SENATOR ROB PORTMAN ASKED IF A SPONSOR HAD EVER BEEN FIRED FOR NOT CARING FOR A CHILD- THE ANSWER WAS NO

Someone should prosecute the feds for human trafficking — of kids.

No joke: Swamped with tens of thousands of unaccompanied minors from Central America who crossed the Mexican border in 2014, the Department of Health and Human Services simply skipped key steps meant to ensure the kids were sent to safe places.

HHS spokesman Mark Weber told The Post his agency bypassed procedures only in “very few” cases — numbering “in the hundreds” — and that officials with “years of experience” felt confident the steps weren’t needed.

But the Associated Press reports that HHS’s Office of Refugee Resettlement, or ORR, wound up placing some kids in “homes where they were sexually assaulted, starved or forced to work for little or no pay.”

The AP found “more than two dozen children” released to adults who subjected them to “labor trafficking or severe abuse or neglect.” Some kids were raped by their sponsors’ associates.

Bottom line: ORR, in effect, funneled kids to abusers. You’d expect prosecutors to arrest non-government workers who did that.

The skipped steps included fingerprinting adults who sought the children as well as requiring would-be sponsors’ birth certificates and “personal and identifying information.” Also dropped: criminal background checks.

No wonder social workers doing follow-up couldn’t even find many of the kids.

In one case, a worker visited an apartment complex where the feds had sent more than a dozen children.
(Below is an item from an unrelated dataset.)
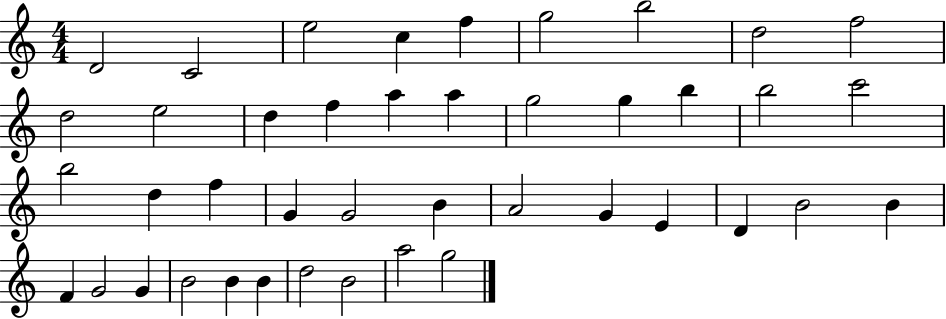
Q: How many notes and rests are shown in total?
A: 42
The apartments turned up empty.

“We were concerned it could have been a front to have those kids released so that traffickers could get them into the workforce,” AP was told by Hilary Chester — a higher-up at the US Council of Catholic Bishops, which does much of this social work under government contract. Today, Chester notes, “No one knows where the kids are.”

Yes, ORR faced a crisis. From October 2013 to September 2014, some 67,000 children from El Salvador, Guatemala, Honduras and Mexico showed up at the border without their families — four times the number just three years earlier.

But that’s no excuse for handing the children over to all comers.